Thread: Least Positive Residue using Fermat's Litl Thm

Can anyone tell me how find the least positive residue of
2^(Pi)10^24(mod17)
or
2^314592653589793238462643383279502884197169399375 10020(mod17)

using Fermat's Little theorem?

Originally Posted by BlueAngel

Can anyone tell me how find the least positive residue of
2^(Pi)10^24(mod17)
or
2^314592653589793238462643383279502884197169399375 10020(mod17)

using Fermat's Little theorem?

Writing $\displaystyle \pi \cdot 10^{24}$ is abusive but whatever I understand. Also, what you write above is not correct if you check with a calculator.

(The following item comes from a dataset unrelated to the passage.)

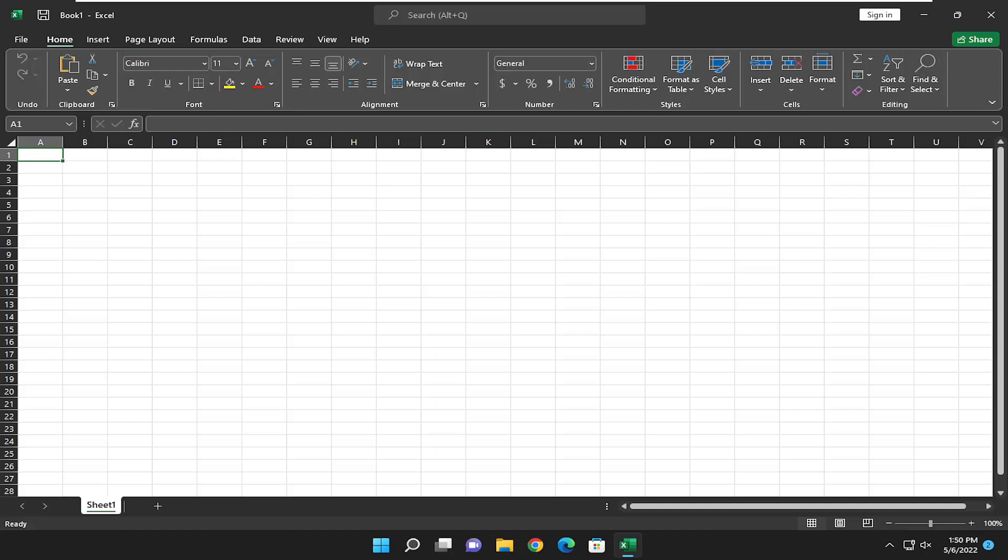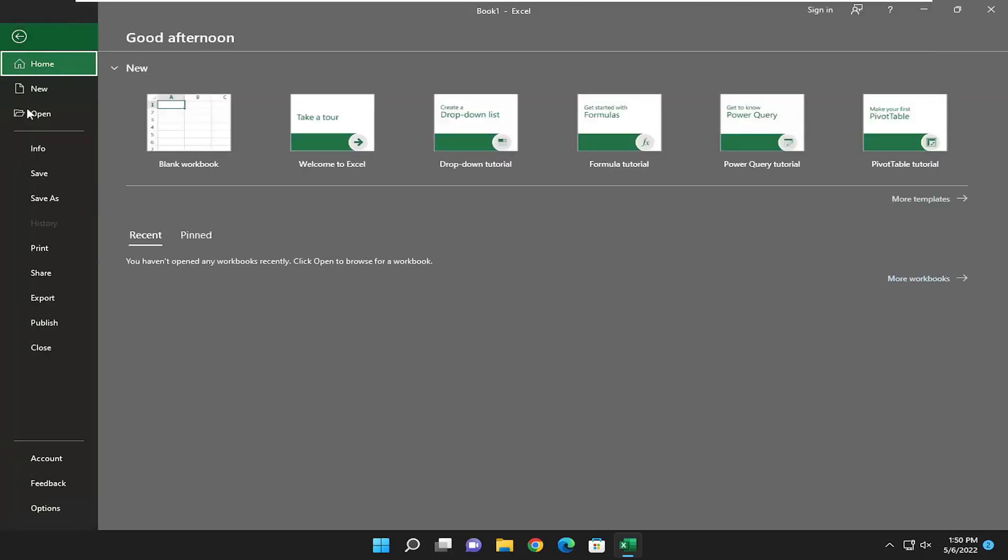let's jump right into it. All you have to do is select the File tab at the top left. On the left side, select Options.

Let $\displaystyle N = 16q+r$ by the division algorithm. Then $\displaystyle 2^N = 2^{16q+r} = \left( 2^{16}\right)^q \cdot 2^r \equiv 2^r(\bmod 17)$

This is what you ought to do.

Thanks for the response! im new to this forum so I cant quite figure out how to put all the symbols and stuff into place!

I still don't get it tho...I mean I get Fermat's Little Theorem, but I dont get how this helps solve for the Least Positive Residue?

I still don't get it tho...I mean I get Fermat's Little Theorem, but I dont get how this helps solve for the Least Positive Residue?

Originally Posted by BlueAngel

I still don't get it tho...I mean I get Fermat's Little Theorem, but I dont get how this helps solve for the Least Positive Residue?

You can reduce $\displaystyle 2^N$ to $\displaystyle 2^r$ where $\displaystyle N$ is that large number. Once you have $\displaystyle 2^r$ just reduce this number (which is not so large) mod $\displaystyle 17$.